"""

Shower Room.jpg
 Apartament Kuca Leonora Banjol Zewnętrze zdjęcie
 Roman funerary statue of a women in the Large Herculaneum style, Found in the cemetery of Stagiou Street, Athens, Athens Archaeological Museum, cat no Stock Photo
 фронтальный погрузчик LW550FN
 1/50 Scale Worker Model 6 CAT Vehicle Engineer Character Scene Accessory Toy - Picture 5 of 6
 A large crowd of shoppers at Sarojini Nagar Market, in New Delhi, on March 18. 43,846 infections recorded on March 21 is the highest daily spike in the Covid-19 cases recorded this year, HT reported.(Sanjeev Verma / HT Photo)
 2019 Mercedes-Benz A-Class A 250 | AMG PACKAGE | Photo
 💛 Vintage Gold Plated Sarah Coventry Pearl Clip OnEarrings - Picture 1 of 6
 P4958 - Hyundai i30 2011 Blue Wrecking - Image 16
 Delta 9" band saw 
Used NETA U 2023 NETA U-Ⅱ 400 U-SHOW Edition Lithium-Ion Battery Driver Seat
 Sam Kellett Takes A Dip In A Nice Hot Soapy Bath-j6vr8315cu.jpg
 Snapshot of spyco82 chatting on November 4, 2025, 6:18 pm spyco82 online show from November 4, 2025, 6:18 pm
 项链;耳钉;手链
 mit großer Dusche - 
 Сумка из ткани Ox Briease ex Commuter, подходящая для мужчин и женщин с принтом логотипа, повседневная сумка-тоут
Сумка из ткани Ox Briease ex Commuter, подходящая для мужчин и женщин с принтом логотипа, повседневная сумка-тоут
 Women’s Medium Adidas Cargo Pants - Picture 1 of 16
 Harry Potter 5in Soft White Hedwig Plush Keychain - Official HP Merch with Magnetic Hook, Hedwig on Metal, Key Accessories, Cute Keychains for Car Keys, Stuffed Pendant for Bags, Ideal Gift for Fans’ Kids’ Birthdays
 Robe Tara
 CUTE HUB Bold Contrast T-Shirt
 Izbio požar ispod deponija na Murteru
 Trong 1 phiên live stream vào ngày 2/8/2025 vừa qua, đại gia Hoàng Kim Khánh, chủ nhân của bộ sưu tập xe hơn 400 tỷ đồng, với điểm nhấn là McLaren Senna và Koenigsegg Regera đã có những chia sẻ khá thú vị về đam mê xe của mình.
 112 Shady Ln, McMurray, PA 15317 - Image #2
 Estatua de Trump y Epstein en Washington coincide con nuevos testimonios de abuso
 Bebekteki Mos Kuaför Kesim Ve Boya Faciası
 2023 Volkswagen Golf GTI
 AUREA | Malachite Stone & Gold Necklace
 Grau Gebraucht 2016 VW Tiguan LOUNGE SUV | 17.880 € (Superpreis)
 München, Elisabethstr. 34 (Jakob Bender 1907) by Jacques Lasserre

"""

* **Directions**
Look in the material above for the line with "Apartament Kuca Leonora" and the line with "2023 Volkswagen Golf GTI", and transcribe exactly those lines and all lines between them, nothing more.

* **Response to the task**
 Apartament Kuca Leonora Banjol Zewnętrze zdjęcie
 Roman funerary statue of a women in the Large Herculaneum style, Found in the cemetery of Stagiou Street, Athens, Athens Archaeological Museum, cat no Stock Photo
 фронтальный погрузчик LW550FN
 1/50 Scale Worker Model 6 CAT Vehicle Engineer Character Scene Accessory Toy - Picture 5 of 6
 A large crowd of shoppers at Sarojini Nagar Market, in New Delhi, on March 18. 43,846 infections recorded on March 21 is the highest daily spike in the Covid-19 cases recorded this year, HT reported.(Sanjeev Verma / HT Photo)
 2019 Mercedes-Benz A-Class A 250 | AMG PACKAGE | Photo
 💛 Vintage Gold Plated Sarah Coventry Pearl Clip OnEarrings - Picture 1 of 6
 P4958 - Hyundai i30 2011 Blue Wrecking - Image 16
 Delta 9" band saw 
Used NETA U 2023 NETA U-Ⅱ 400 U-SHOW Edition Lithium-Ion Battery Driver Seat
 Sam Kellett Takes A Dip In A Nice Hot Soapy Bath-j6vr8315cu.jpg
 Snapshot of spyco82 chatting on November 4, 2025, 6:18 pm spyco82 online show from November 4, 2025, 6:18 pm
 项链;耳钉;手链
 mit großer Dusche - 
 Сумка из ткани Ox Briease ex Commuter, подходящая для мужчин и женщин с принтом логотипа, повседневная сумка-тоут
Сумка из ткани Ox Briease ex Commuter, подходящая для мужчин и женщин с принтом логотипа, повседневная сумка-тоут
 Women’s Medium Adidas Cargo Pants - Picture 1 of 16
 Harry Potter 5in Soft White Hedwig Plush Keychain - Official HP Merch with Magnetic Hook, Hedwig on Metal, Key Accessories, Cute Keychains for Car Keys, Stuffed Pendant for Bags, Ideal Gift for Fans’ Kids’ Birthdays
 Robe Tara
 CUTE HUB Bold Contrast T-Shirt
 Izbio požar ispod deponija na Murteru
 Trong 1 phiên live stream vào ngày 2/8/2025 vừa qua, đại gia Hoàng Kim Khánh, chủ nhân của bộ sưu tập xe hơn 400 tỷ đồng, với điểm nhấn là McLaren Senna và Koenigsegg Regera đã có những chia sẻ khá thú vị về đam mê xe của mình.
 112 Shady Ln, McMurray, PA 15317 - Image #2
 Estatua de Trump y Epstein en Washington coincide con nuevos testimonios de abuso
 Bebekteki Mos Kuaför Kesim Ve Boya Faciası
 2023 Volkswagen Golf GTI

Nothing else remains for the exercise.